«Большевистского интеллигента» Дванова, которого приёмный отец «записал в коммунисты», поручено сторожить выходцу из крестьян Никите, рядовому бойцу из отряда «беляка» Мрачинского. Пока отсрочен момент расправы, молодой Никита, расстрелявший на своём веку уже не одного идейного противника белых, делится с Двановым своими наблюдениями. Он рассказывает о своём понимании большевистского бесстрашия в зависимости от особенностей физиологических реакций человека в момент ожидания насильственной смерти.

«Никита хозяйственно перебирал бельё Дванова на седле.

– Обмочился, дьявол! – сказал без злобы Никита. – Смотрю я на вас: прямо как дети малые! Ни одного у меня чистого не было. Все моментально гадят; хоть в сортир их сначала посылай… Только один был хороший мужик, комиссар волостной: бей, говорит, огарок, прощайте, партия и дети. У того бельё осталось чистым. Специальный был мужик!».[231]
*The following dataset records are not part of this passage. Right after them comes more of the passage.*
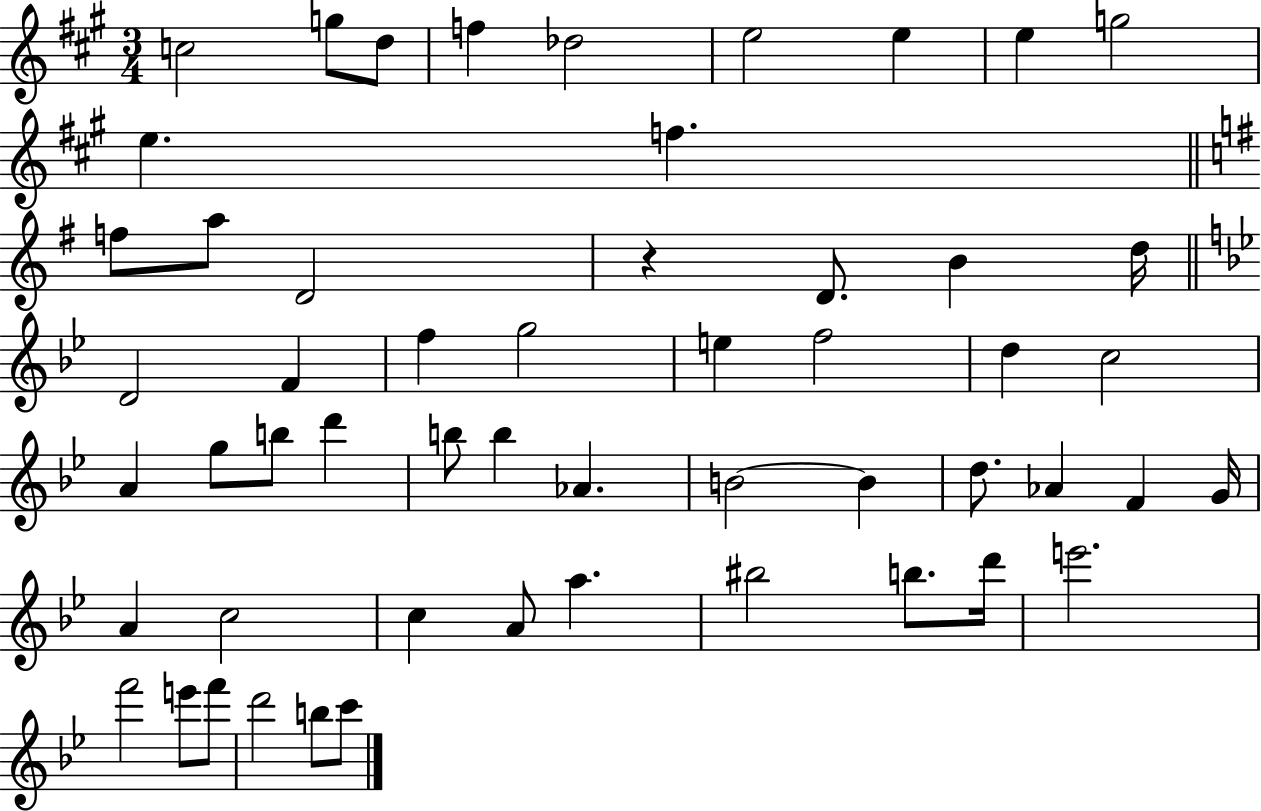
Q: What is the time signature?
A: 3/4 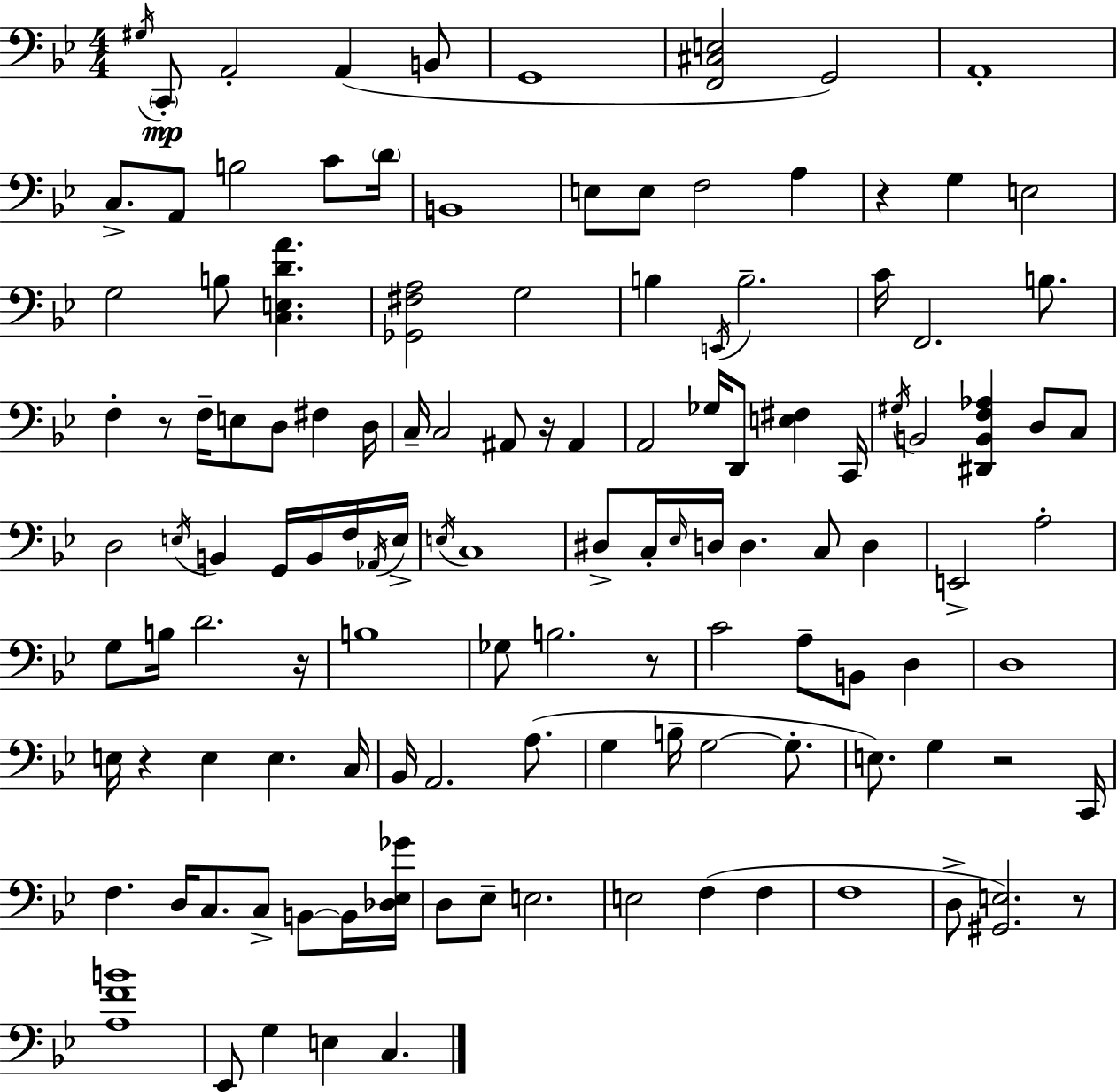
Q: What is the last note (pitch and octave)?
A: C3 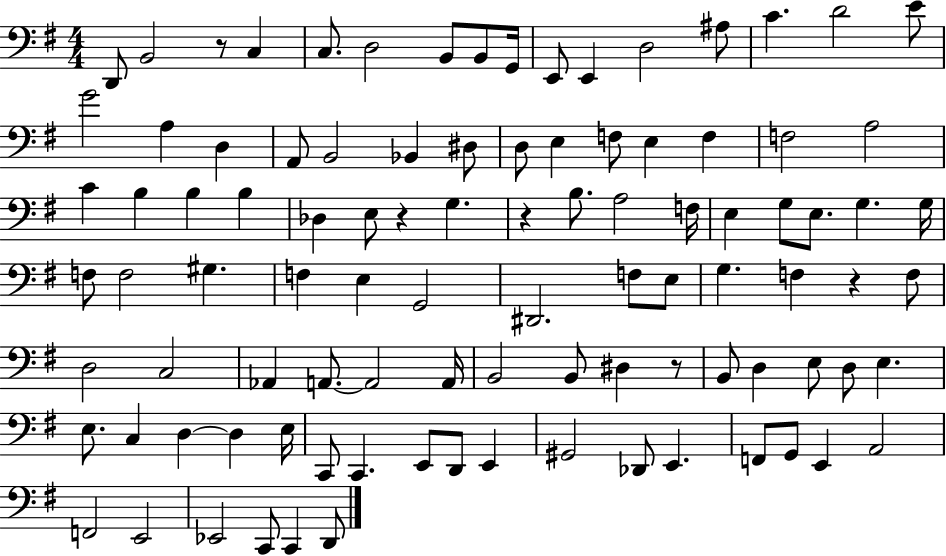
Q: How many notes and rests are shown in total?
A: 98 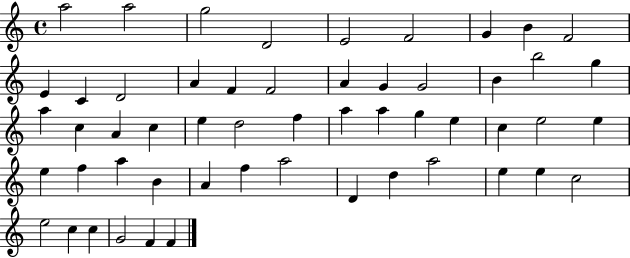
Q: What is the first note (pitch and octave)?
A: A5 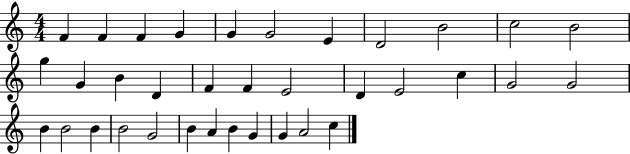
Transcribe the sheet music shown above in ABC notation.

X:1
T:Untitled
M:4/4
L:1/4
K:C
F F F G G G2 E D2 B2 c2 B2 g G B D F F E2 D E2 c G2 G2 B B2 B B2 G2 B A B G G A2 c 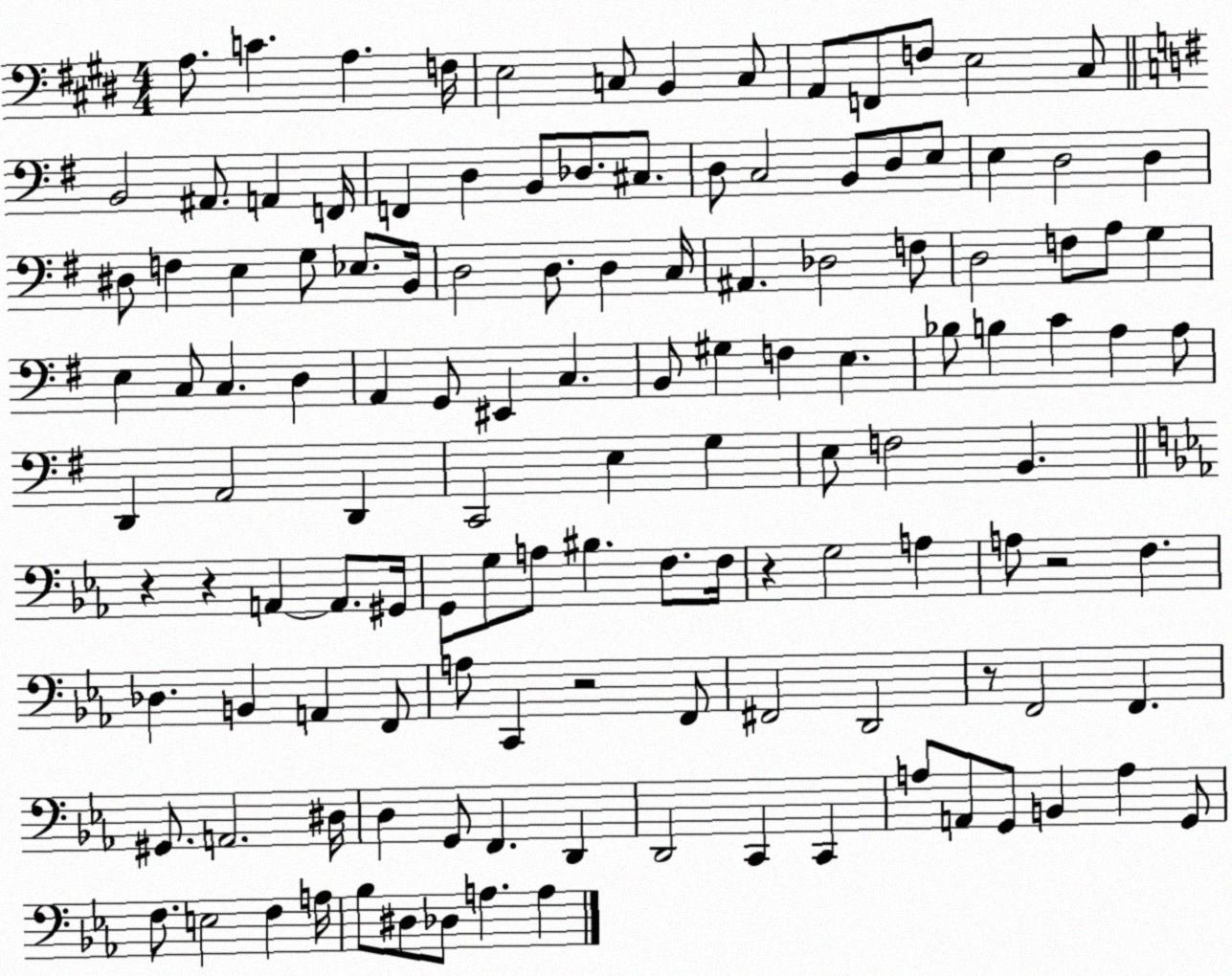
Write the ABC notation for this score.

X:1
T:Untitled
M:4/4
L:1/4
K:E
A,/2 C A, F,/4 E,2 C,/2 B,, C,/2 A,,/2 F,,/2 F,/2 E,2 ^C,/2 B,,2 ^A,,/2 A,, F,,/4 F,, D, B,,/2 _D,/2 ^C,/2 D,/2 C,2 B,,/2 D,/2 E,/2 E, D,2 D, ^D,/2 F, E, G,/2 _E,/2 B,,/4 D,2 D,/2 D, C,/4 ^A,, _D,2 F,/2 D,2 F,/2 A,/2 G, E, C,/2 C, D, A,, G,,/2 ^E,, C, B,,/2 ^G, F, E, _B,/2 B, C A, A,/2 D,, A,,2 D,, C,,2 E, G, E,/2 F,2 B,, z z A,, A,,/2 ^G,,/4 G,,/2 G,/2 A,/2 ^B, F,/2 F,/4 z G,2 A, A,/2 z2 F, _D, B,, A,, F,,/2 A,/2 C,, z2 F,,/2 ^F,,2 D,,2 z/2 F,,2 F,, ^G,,/2 A,,2 ^D,/4 D, G,,/2 F,, D,, D,,2 C,, C,, A,/2 A,,/2 G,,/2 B,, A, G,,/2 F,/2 E,2 F, A,/4 _B,/2 ^D,/2 _D,/2 A, A, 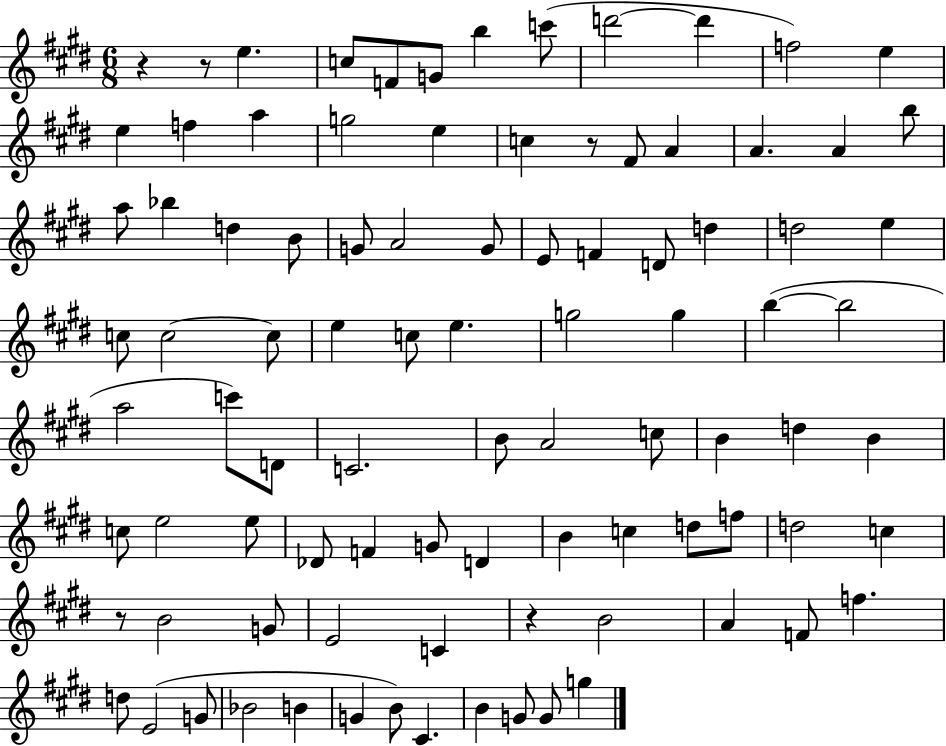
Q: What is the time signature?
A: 6/8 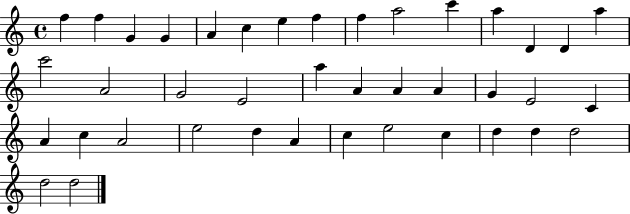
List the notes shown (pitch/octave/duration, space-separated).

F5/q F5/q G4/q G4/q A4/q C5/q E5/q F5/q F5/q A5/h C6/q A5/q D4/q D4/q A5/q C6/h A4/h G4/h E4/h A5/q A4/q A4/q A4/q G4/q E4/h C4/q A4/q C5/q A4/h E5/h D5/q A4/q C5/q E5/h C5/q D5/q D5/q D5/h D5/h D5/h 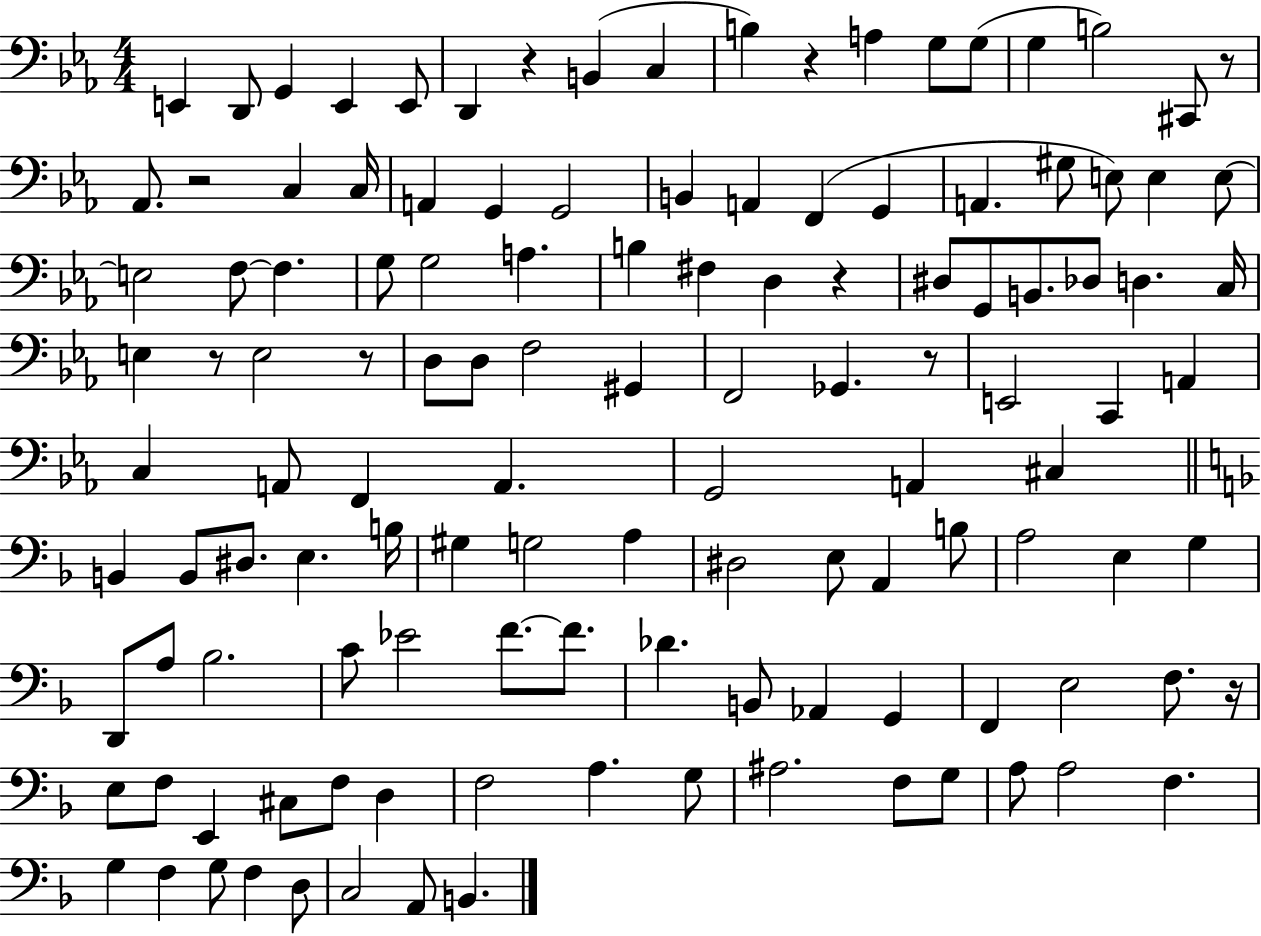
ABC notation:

X:1
T:Untitled
M:4/4
L:1/4
K:Eb
E,, D,,/2 G,, E,, E,,/2 D,, z B,, C, B, z A, G,/2 G,/2 G, B,2 ^C,,/2 z/2 _A,,/2 z2 C, C,/4 A,, G,, G,,2 B,, A,, F,, G,, A,, ^G,/2 E,/2 E, E,/2 E,2 F,/2 F, G,/2 G,2 A, B, ^F, D, z ^D,/2 G,,/2 B,,/2 _D,/2 D, C,/4 E, z/2 E,2 z/2 D,/2 D,/2 F,2 ^G,, F,,2 _G,, z/2 E,,2 C,, A,, C, A,,/2 F,, A,, G,,2 A,, ^C, B,, B,,/2 ^D,/2 E, B,/4 ^G, G,2 A, ^D,2 E,/2 A,, B,/2 A,2 E, G, D,,/2 A,/2 _B,2 C/2 _E2 F/2 F/2 _D B,,/2 _A,, G,, F,, E,2 F,/2 z/4 E,/2 F,/2 E,, ^C,/2 F,/2 D, F,2 A, G,/2 ^A,2 F,/2 G,/2 A,/2 A,2 F, G, F, G,/2 F, D,/2 C,2 A,,/2 B,, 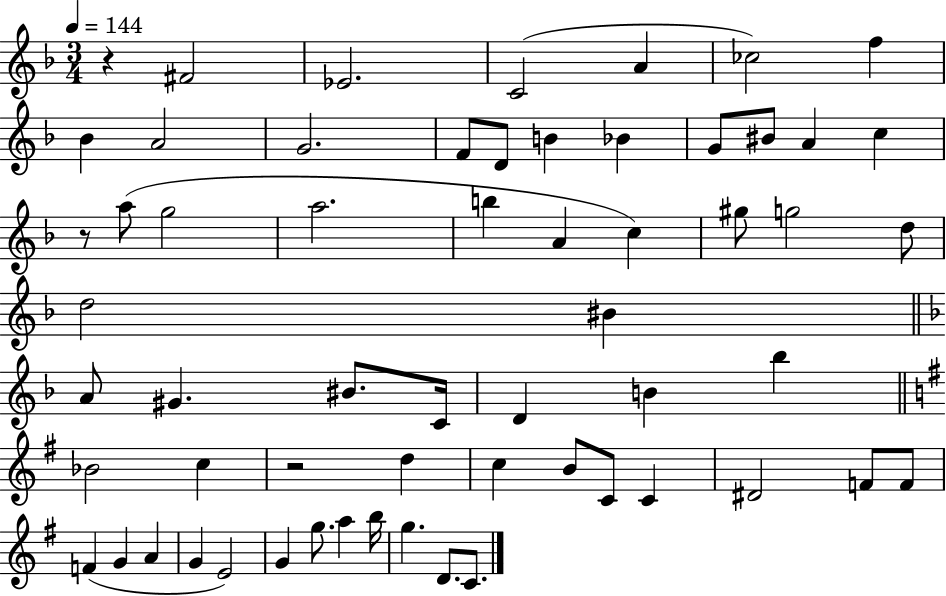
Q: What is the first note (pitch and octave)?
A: F#4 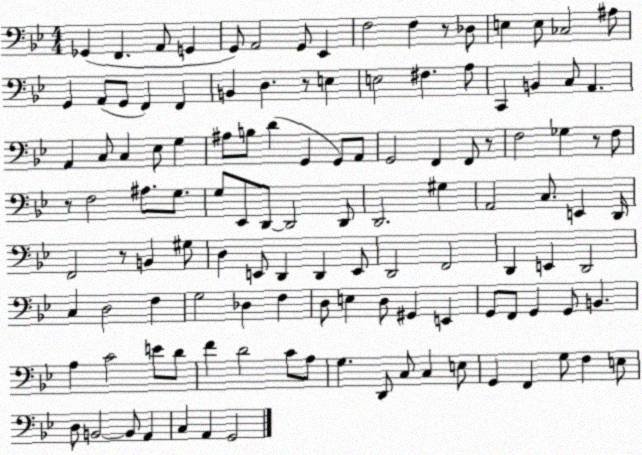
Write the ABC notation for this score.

X:1
T:Untitled
M:4/4
L:1/4
K:Bb
_G,, F,, A,,/2 G,, G,,/2 A,,2 G,,/2 _E,, F,2 F, z/2 _D,/2 E, E,/2 _C,2 ^A,/2 G,, A,,/2 G,,/2 F,, F,, B,, D, z/2 E, E,2 ^F, A,/2 C,, B,, C,/2 A,, A,, C,/2 C, _E,/2 G, ^A,/2 B,/2 D G,, G,,/2 A,,/2 G,,2 F,, F,,/2 z/2 F,2 _G, z/2 F,/2 z/2 F,2 ^A,/2 G,/2 G,/2 _E,,/2 D,,/2 D,,2 D,,/2 D,,2 ^G, A,,2 C,/2 E,, D,,/4 F,,2 z/2 B,, ^G,/2 D, E,,/2 D,, D,, E,,/2 D,,2 F,,2 D,, E,, D,,2 C, D,2 F, G,2 _D, F, D,/2 E, D,/2 ^G,, E,, G,,/2 F,,/2 G,, G,,/2 B,, A, C2 E/2 D/2 F D2 C/2 A,/2 G, D,,/2 C,/2 C, E,/2 G,, F,, G,/2 F, E,/2 D,/2 B,,2 B,,/2 A,, C, A,, G,,2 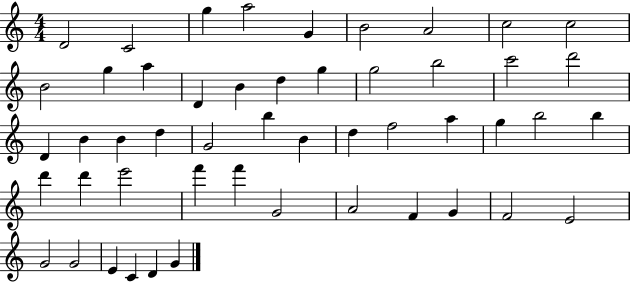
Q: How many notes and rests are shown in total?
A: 50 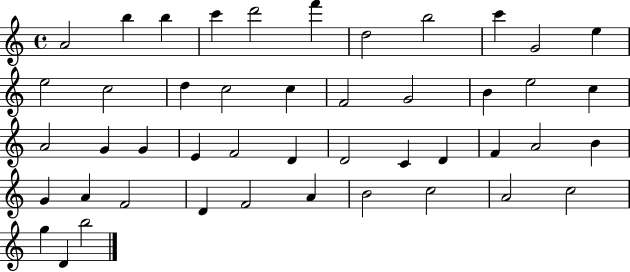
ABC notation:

Отмечать мужество большевика по физиологическим приметам, т. е. по самой биологической сущности природы человека – это очень по-платоновски сильно написано – без всякого пафоса, картинности, позы. Олешевская образная стилистика в рассказе «Ангел» ближе не к иронически-насмешливой катаевской интонации, а к беспощадно нутряной, платоновской наблюдательности и бабелевской остроте и верности истине.

* * *

Из восьми пленников Парфёнов оказывается как раз той главной фигурой, за которой охотились люди атамана Ангела:

«– Который? – спрашивает, шамкая, атаман.

– Вот!

…Ты Парфёнов?

– Я Парфёнов!

– Меня не знаешь? – медленно говорит атаман. – Мы тебя, сукина сына, знаем. Гриху застрелил в Кременчуге. Двенадцать наших в Малинниках сжёг. Верно?

Комиссар молчит» (С. 487).

…Комиссара, который «играет скулами от ненависти» к взявшим его в плен, бьют по лицу.

«Атаман складывает руки за спиной.

– Я батька, атаман Ангел. Божий Ангел. Слышал, сволочь? Я вас всех переведу» (С. 487).

Атаман Ангел из рассказа Олеши в выборе своего прозвища явно ориентировался на иерархию религиозной символики, отлаженную веками (Ангелы в иудео-христианской ангеологии – духовное небесное воинство, посредники между Богом и миром, между «горним» и «дольним», возвещающие людям и исполняющие волю Божию).

За выбором религиозным атаманом такого имени стояло ещё и неприятие идей большевиков-атеистов, нехристей.

(Здесь уместно напомнить, что в уникальной по смелости и силе чувства поздней повести В. Катаева «Уже написан Вертер» (1980), где речь идёт о красном терроре времён Гражданской войны, выведен, в числе других персонажей, начальник оперативного отдела ЧК по кличке Ангел Смерти. Даже прозвища командиров противоборствующих сторон были подобны. Однако в прозвище чекиста была вложена только цель карательного учреждения: угроза, насилие, беспощадная месть).

Примечательно, что в годы Гражданской войны в Украине действительно орудовала банда атамана Ангела. Сведения о нём находим в интернете: «Евгений Петрович Ангел происходил из болгарского рода Ангеловых» (таким образом, Ангел было не прозвище, а его настоящая фамилия – И. П.).[232]Родился на Черниговщине в 1897 году, то есть был всего на два года старше Олеши. В начале Первой мировой войны

Ангел был призван в действующую армию, где окончил школу прапорщиков. Вернулся домой с фронта в чине поручика.

В ноябре 1918 года Ангел организовал «Курень смерти имени кошевого Ивана Серко» (по другим данным, «Красный курень смерти»), который сражался, среди прочего, против большевиков. Атамана также подозревают в массовых расстрелах евреев.

В том же интернет-источнике читаем: «Первый биограф Ангела, подполковник Армии УНР Михаил Середа в 1930 году писал на страницах «ТПтопису ЧервоноТ Калини»: «В его черных больших глазах всегда пылали огоньки неисчерпаемой энергии и решительного характера. Его жилистая, подвижная фигура всегда находилась в напряжении всех мускулов, требуя постоянно острых впечатлений и изменчивых движений. Был одет как кавказский ингуш – в черную шерстяную бурку, островерхую черную папаху и кавказские шерстяные сапоги, снизу обшитые белой кожей».